To a large extent, the answer to this question will depend on how successful you are at working on your own without the infrastructure of a course/lecturer/problem sets/etc. to guide you. Given this, if you don't know yet whether you work well by yourself, there's only one way to find out: try it! You may find that you are good at working by yourself, and, if so, it doesn't really matter what your background is: you can fill it in by reading more books. On the other hand, you may find that it's hard to make progress without the usual structures that a course provides, and that's fine; many successful mathematicians were not all that independent when they were undergraduates.
One book that you can read which doesn't require much background at all is Hardy and Wright's classic text on number theory. It does not suit everyone's taste, but if you are not yet sure where your taste lies, you can take a look and see if you like it.
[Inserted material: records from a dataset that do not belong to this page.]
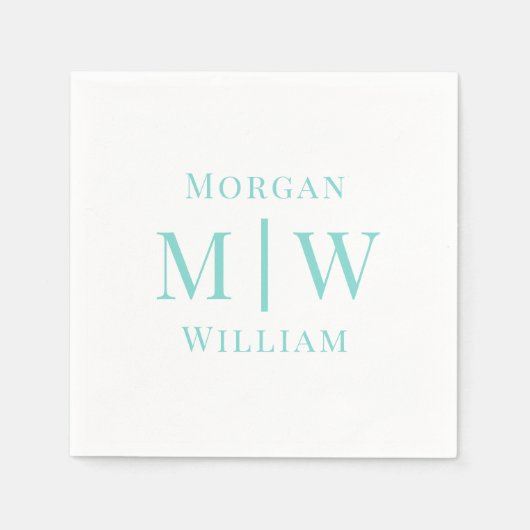 Eenvoudige Bruiloft 2 Initiaal Naam VS DIY Kleuren Servet (Voorkant)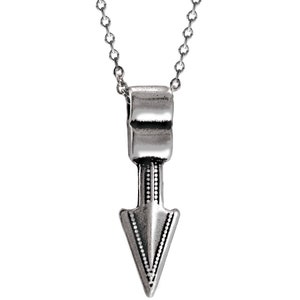 Handmade Necklace, Arrow Head Charm, Mens Necklace, Silver Stainless Steel, Chain Necklace Men, Minimalist Designer Jewelry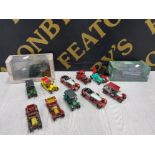 COLLECTION OF DIE CAST VEHICLES AND 2 MILITARY TRUCKS INCLUDES ATLAS EDITION AND ULTIMATE TANK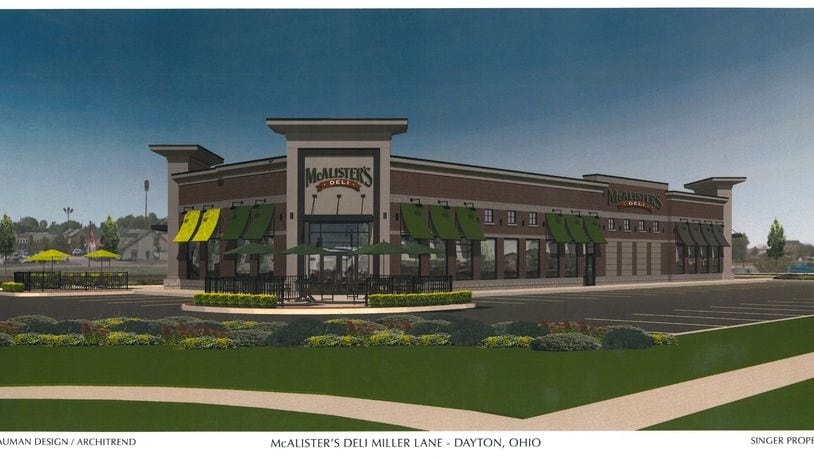 An artist’s rendering of the McAlister’s Deli coming to Miller Lane in Butler Twp.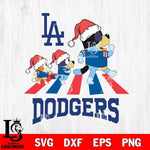 Los Angeles Dodgers Christmas Family Bluey Walking Cricut , Christmas Svg , Bluey svg , Digital Download, dxf eps png pdf file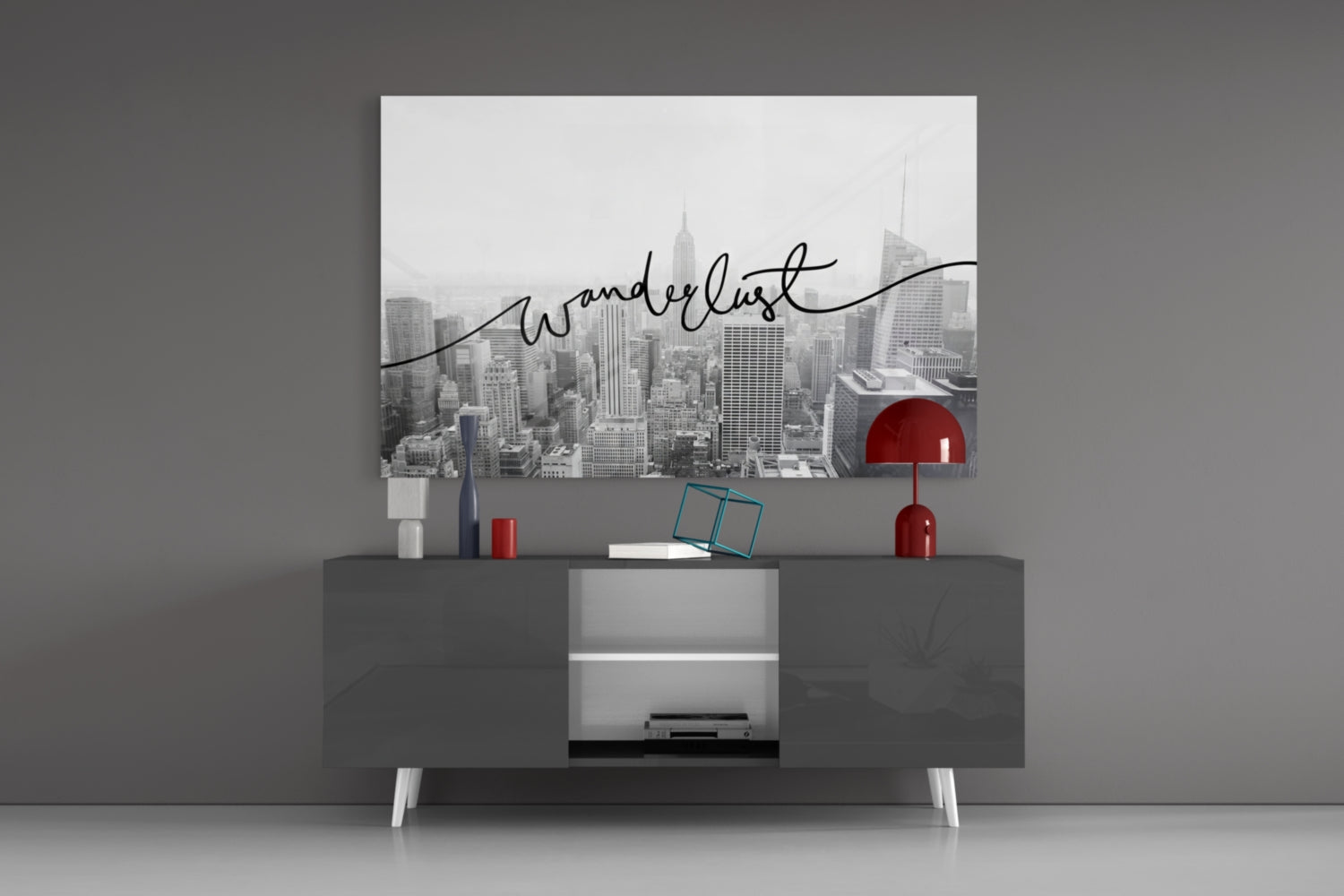 Wanderlust Glass Wall Art.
One thing that you didn't address in your post is the question of how comfortable you are with reading and writing proofs. If you are not comfortable with this aspect of mathematics, then my suggestion of Hardy and Wright won't be terribly appropriate, and neither will many of the others. If you are comfortable with proofs, then in some sense there is no limit on what you can do by yourself, since (at least in principle) you can pick up any textbook and try to learn what is in it. On the other hand, if you find that you aren't (yet) comfortable with reading and understanding formal proofs by yourself, then it will be harder to go very far by yourself, and it might be better to focus on your formal course work for now. (And, if your ambition is to pursue pure mathematical research, you should try to take courses that introduce you to reading and writing proofs as soon as you can.)
Whatever your situation is, you should always be sure not to neglect your formal coursework (even if the work you are doing on your own turns out to be more exciting). Excellence in formal coursework is more or less a requirement for going on in graduate school, which is in turn a requirement for becoming a research mathematician.